- **Task to complete**
Copy the listing exactly, leaving out every picture.

- **Information shown**
*** Begin section ***

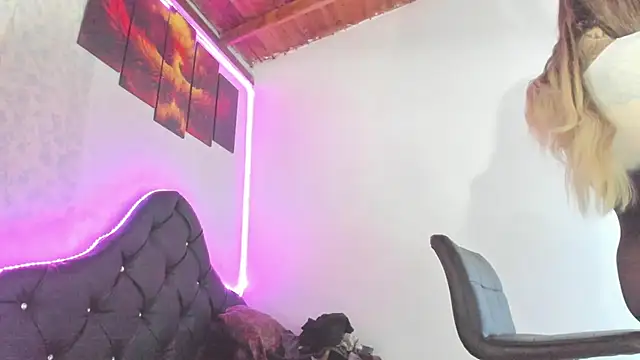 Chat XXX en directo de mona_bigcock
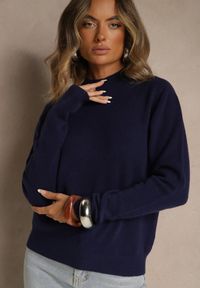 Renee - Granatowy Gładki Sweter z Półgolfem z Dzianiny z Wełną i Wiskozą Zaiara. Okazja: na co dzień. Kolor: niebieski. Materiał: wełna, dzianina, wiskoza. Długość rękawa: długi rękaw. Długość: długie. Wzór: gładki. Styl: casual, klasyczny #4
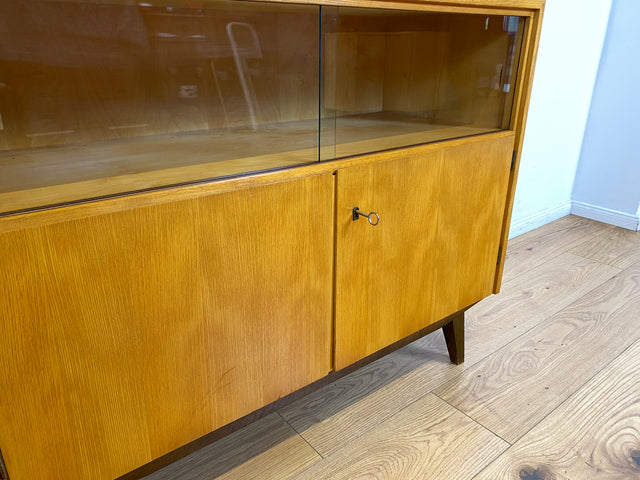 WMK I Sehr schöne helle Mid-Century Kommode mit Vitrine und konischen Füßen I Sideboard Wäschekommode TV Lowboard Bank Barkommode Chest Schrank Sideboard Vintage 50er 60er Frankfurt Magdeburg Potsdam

*** End section ***

- **Solution to this problem**
 Chat XXX en directo de mona_bigcock
 Renee - Granatowy Gładki Sweter z Półgolfem z Dzianiny z Wełną i Wiskozą Zaiara. Okazja: na co dzień. Kolor: niebieski. Materiał: wełna, dzianina, wiskoza. Długość rękawa: długi rękaw. Długość: długie. Wzór: gładki. Styl: casual, klasyczny #4
 WMK I Sehr schöne helle Mid-Century Kommode mit Vitrine und konischen Füßen I Sideboard Wäschekommode TV Lowboard Bank Barkommode Chest Schrank Sideboard Vintage 50er 60er Frankfurt Magdeburg Potsdam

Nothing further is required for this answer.